Step-by-step guide for packaging and publishing ML Workbench to AWS CodeArtifact. Covers prerequisites, authentication, version management, and CI/CD integration for distributing the package within your organization.

Setup

Environment Configuration for MLFlow Databricks Integration

To direct MLFlow to your Databricks workspace (dev-internal), create a .env file in the project root with the following configuration:

# Set MLflow tracking URI to your Databricks workspace
MLFLOW_TRACKING_URI="databricks"

# Define Databricks datapoint that match your workspace (this one is for dev-internal)
DATABRICKS_HOST="https://dbc-787720e9-26e6.cloud.databricks.com"

# Getting Your Databricks Token
# - Go to your Databricks workspace: https://dbc-787720e9-26e6.cloud.databricks.com
# - Click on your profile icon (top-right)
# - Select "Settings"
# - In "User" section, select "Developer"
# - Go to Access Tokens tab
# - Click Generate New Token
# - Give it a name (e.g., "MLFlow Local Development") and expiry
# - Copy the token (you'll only see it once!)
DATABRICKS_TOKEN="dapi123456781234567890"   # <- replace with your own

Steps to set up:

  1. Copy .env.template to .env:

    cp .env.template .env
    
  2. Edit .env and replace DATABRICKS_TOKEN with your personal access token (see instructions in the comments above).

  3. The .env file is already in .gitignore, so your token won't be committed to version control.

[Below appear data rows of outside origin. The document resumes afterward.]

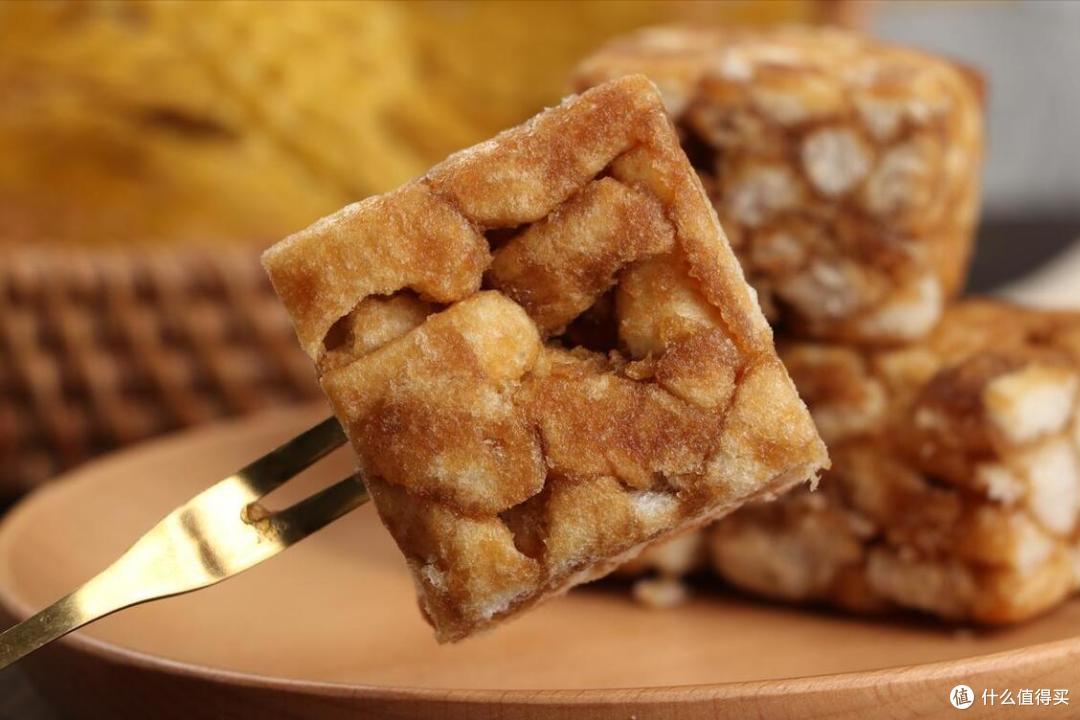 东北人最爱的十大糕点,最后一种慈禧都上头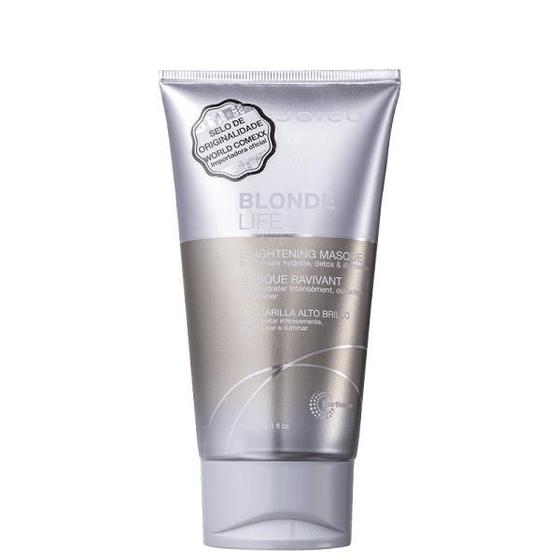 Imagem de Joico Blonde Life Brightening Máscara Capilar 150ml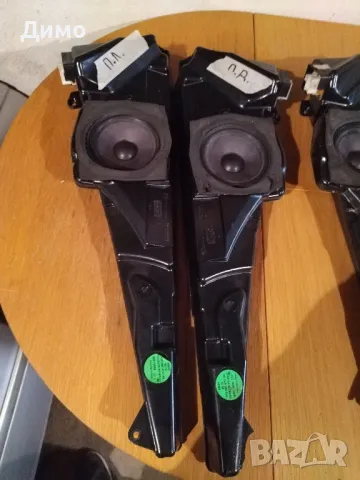 колони тонколони таван бмв е39 bmw e39, снимка 4 - Части - 48934098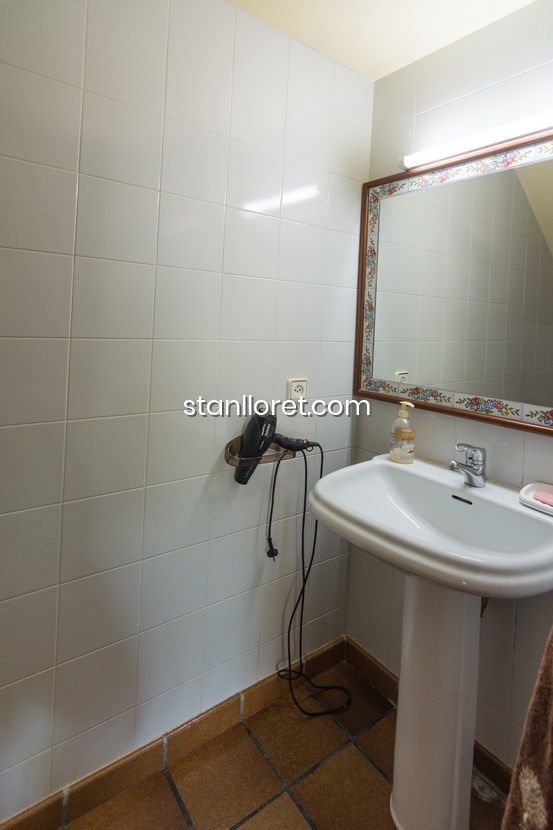 Willa w Blanes, Girona, Hiszpania 4 sypialnie, 455 mkw. nr 104039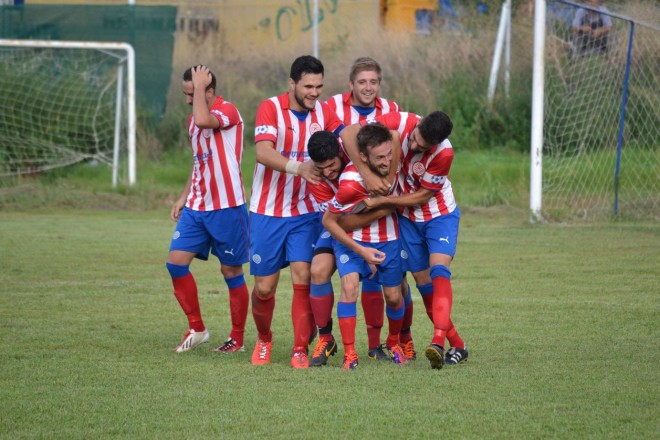 ΒΛΑΧΟΓΙΑΝΝΙ 2014 - 15 ΠΑΝΗΓΥΡΙΚΟ 1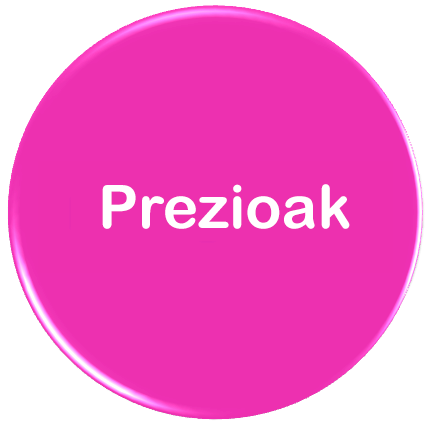 prezioak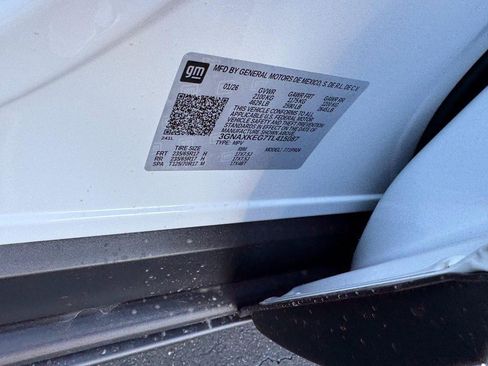 New 2026 Chevrolet Equinox ACTIV image 18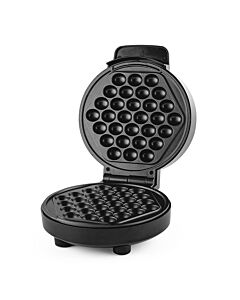 Уред за гофрети бъбъл-вафла MUHLER MHT-838, 1000W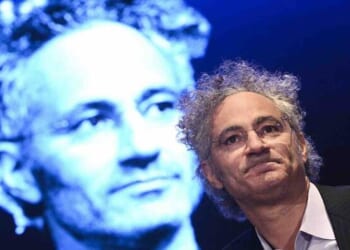 Data Analytics Company Palantir Publishes An Ideological Manifesto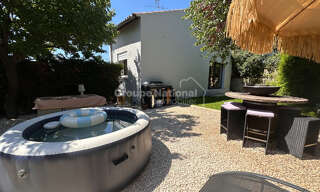 Maison 4 Pièces 106 m² à vendre à Nîmes (30000)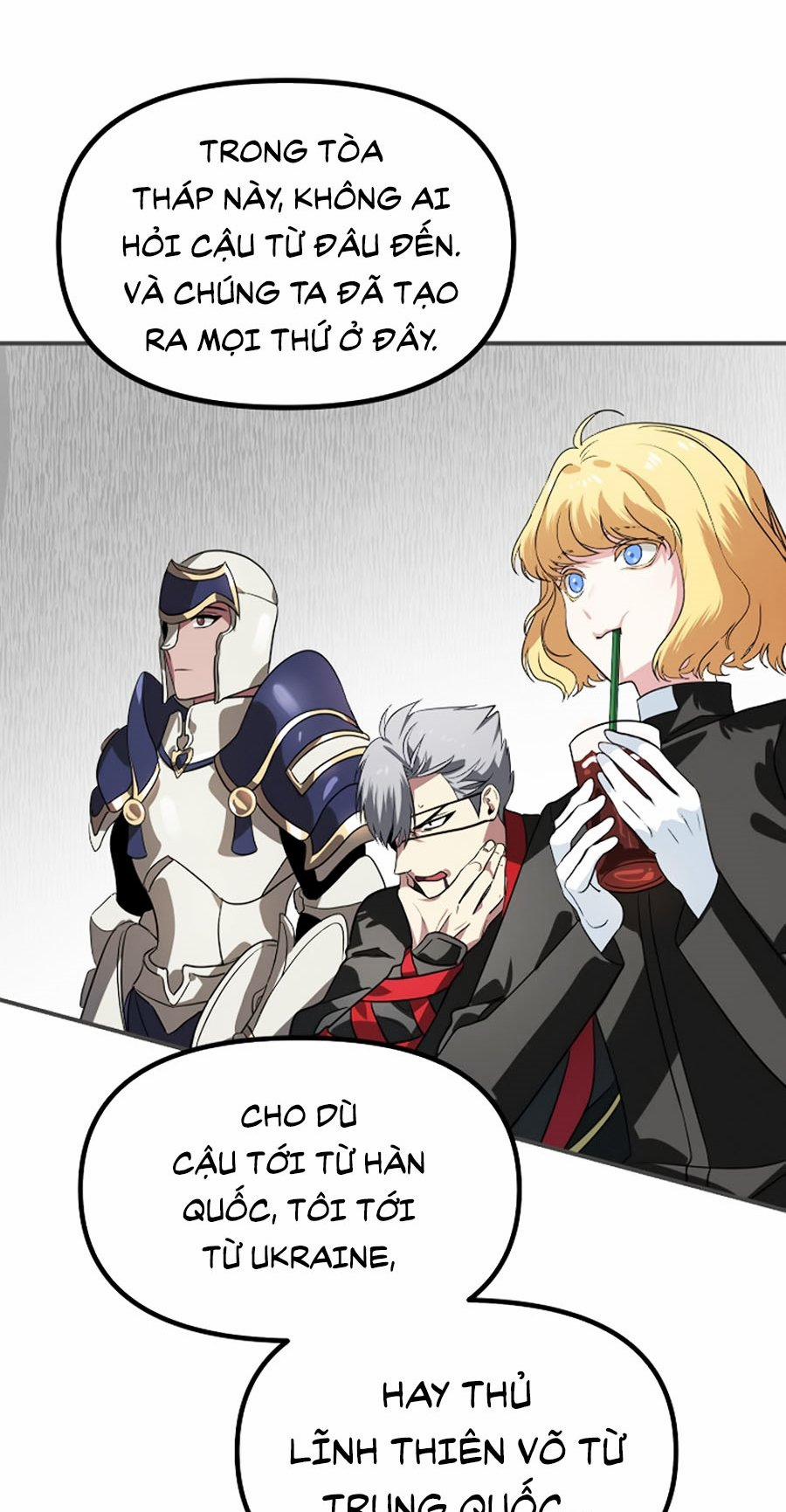 Tôi Là Thợ Săn Có Kĩ Năng Tự Sát Cấp Sss 18 trang 42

Once configured, MLFlow will automatically log experiments to your Databricks workspace when you run experiments using the ML Workbench.

Git Pre-commit Hook for Automatic Version Increment

This project includes a pre-commit hook that automatically increments the patch version (last number) in pyproject.toml on each commit. For example, 0.0.20.0.3.

To set up the pre-commit hook:

Option 1: Use the setup script (recommended)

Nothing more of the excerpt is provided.